What is meant by positive pedagogy?
Positive pedagogy is about applying the principles of positive psychology into education. It is a philosophy that can be applied communication, interaction and teaching. In practice, it means seeing the good in your students or in your children. Each one of us has challenges, but in spite of them we also have potential in us. While using methods of positive pedagogy, we concentrate on the latter. So, in other words, instead of concentrating on what children lack of or have challenges with, in positive pedagogy we concentrate on what is good and potential in them.
What skills positive pedagogy demands from a teacher?
Teachers should see the character strengths in their students, skills students have and understand that more the student has challenges, the more important it is to find his strengths and skills!
How positive pedagogy could help children to thrive?
In positive pedagogy the objective is that a person finds his strengths and learns to use his full potential. This naturally benefits the individual and the whole society. Especially children, who have lots of challenges, need to be reminded of their strengths and not just to be told what they lack. Students have strengths also in being curious, resilient or self-regulation, for example, and these skills are used in acquiring more specific skills such as learning to swim, read or code.
How about hierarchy between the student and the teacher? How does positive pedagogy view this?
No study has found that carrying out education, which concentrates on correcting the mistakes student does, or disgracing and threating the student, would work. This line of teaching might also harm the students’ emotional development. Studies also show that waking up the positive emotions in student by emphasizing even small achievements is related with physiological changes, which promote feelings of being safe, helps to release stress and thus makes learning more efficient.
If I want to learn more about positive pedagogy, who should I follow?
You can follow our work at www.positive.fi. Professor Martin Seligman wrote his ground-breaking book Flourish in 2011. So that should be in your reading list. Also, a psychologist Lea Waters is someone to watch, and a Nobelist James J. Heckman is worth following.

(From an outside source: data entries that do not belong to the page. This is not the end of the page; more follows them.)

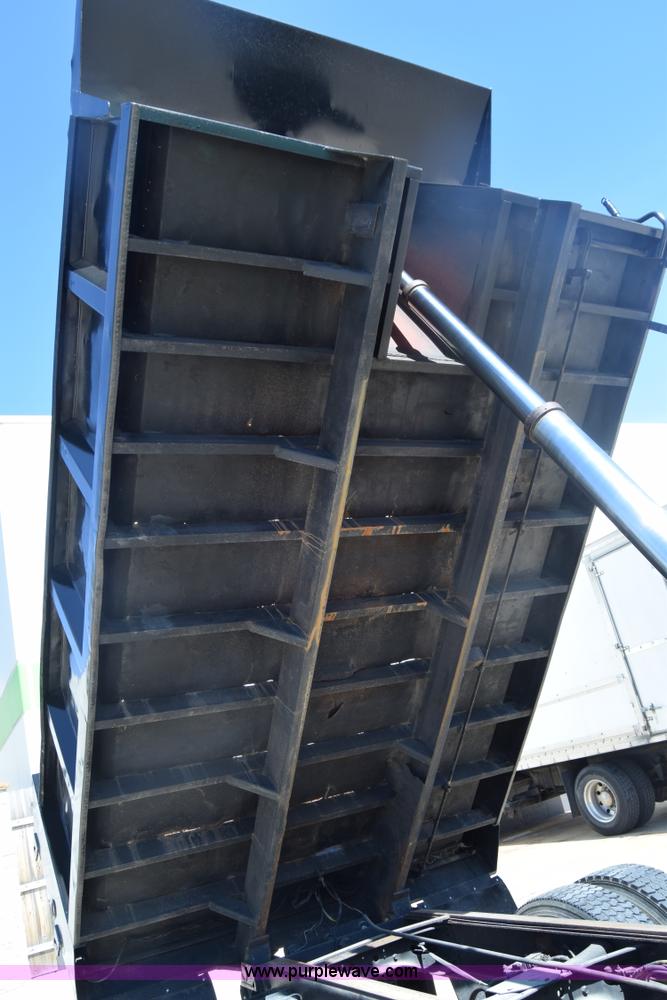 image for item K4443 2001 International 4900 dump truck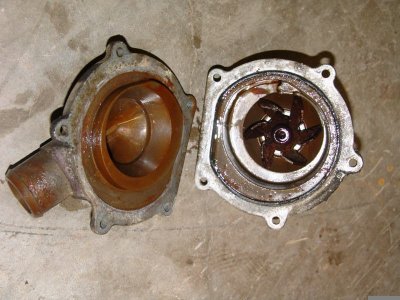 10 Vattenpump med rostig propeller.JPG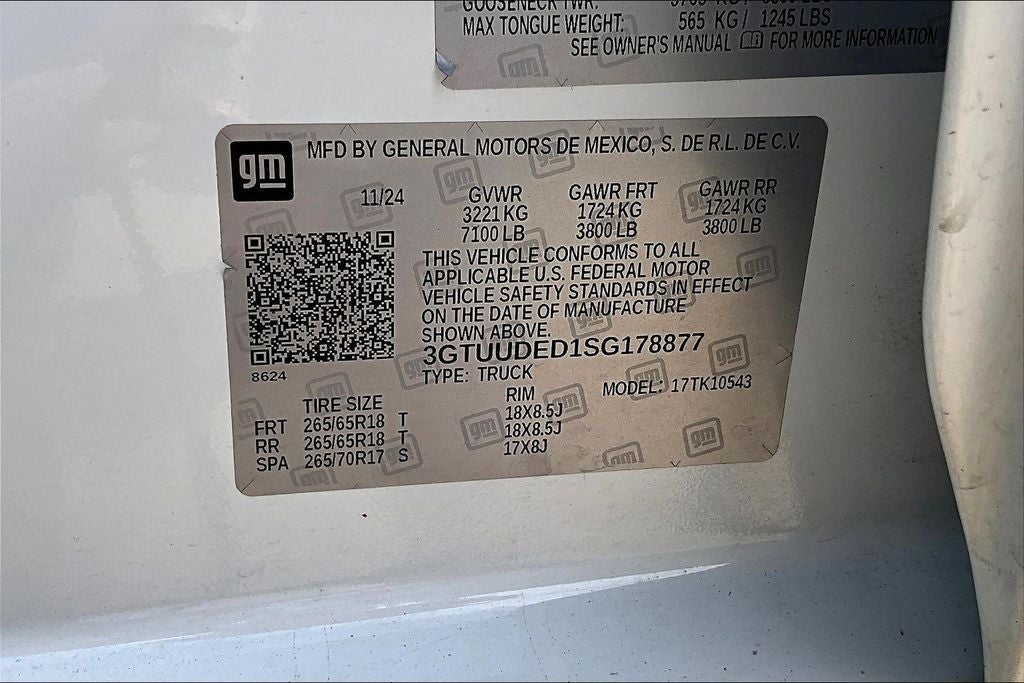 2025 GMC Sierra 1500 SLT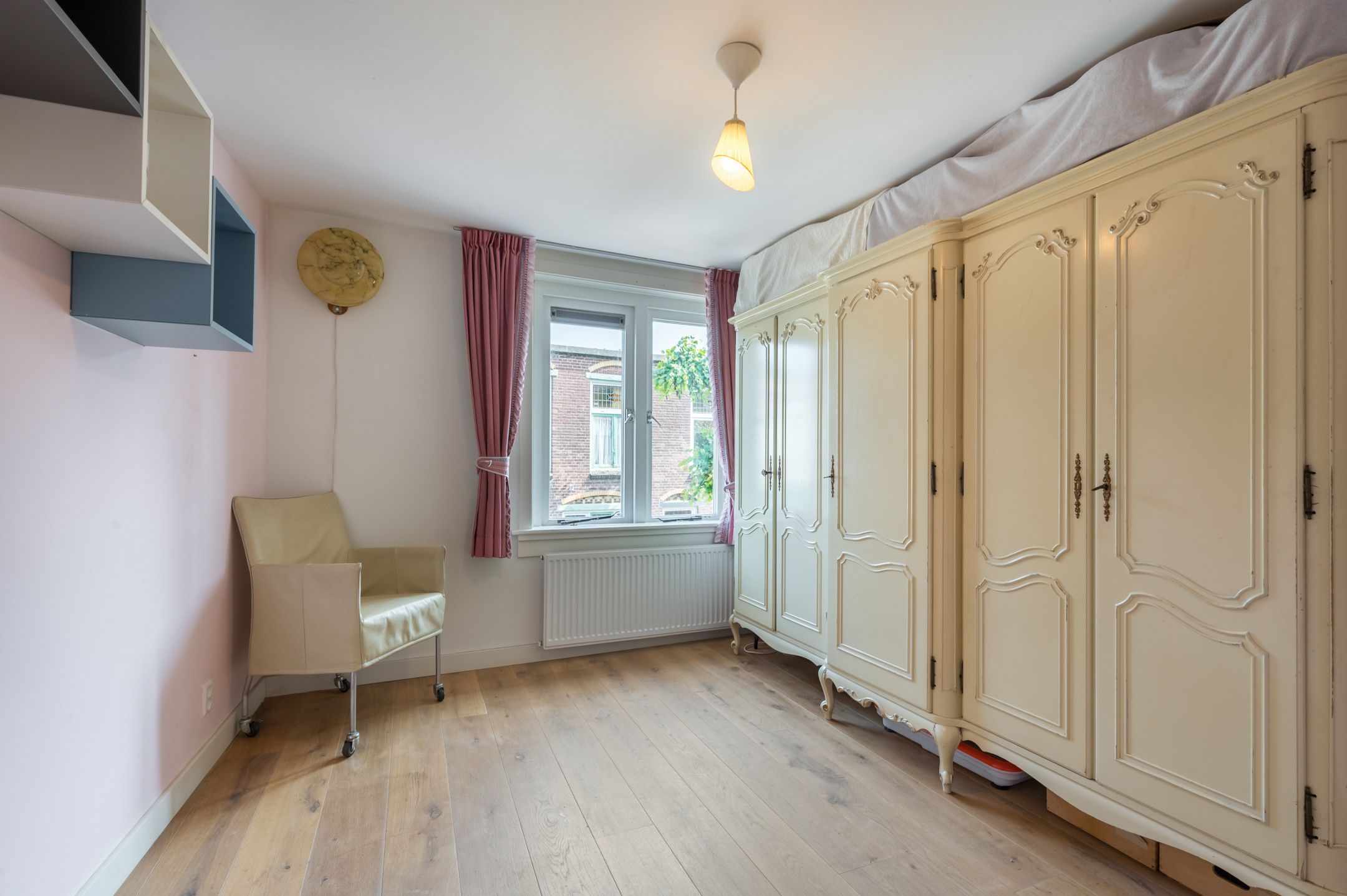 Foto 27 van van Limburg Stirumstraat 27-B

Education House Finland Team Tip: If you are a parent and wish to learn more about how to bring positivity into everyday life with your kids, let us suggest you get your hands on these fantastic books: First one is 50 Ways to Feel Happy by Vanessa King. As the name suggests, the book includes easy exercises targeted at children but suitable for every age. These exercises help the reader to see things in life in more positive light and grateful manner. The second book suggest is The Yes Brain Child: Help Your Child Be More Resilient, Independent and Creative by Dr Daniel J Siegel and PhD Tina Payne Bryson. This book helps you understand why it is important to nurture children’s “yes-brain” instead of “no-brain” and how to do it.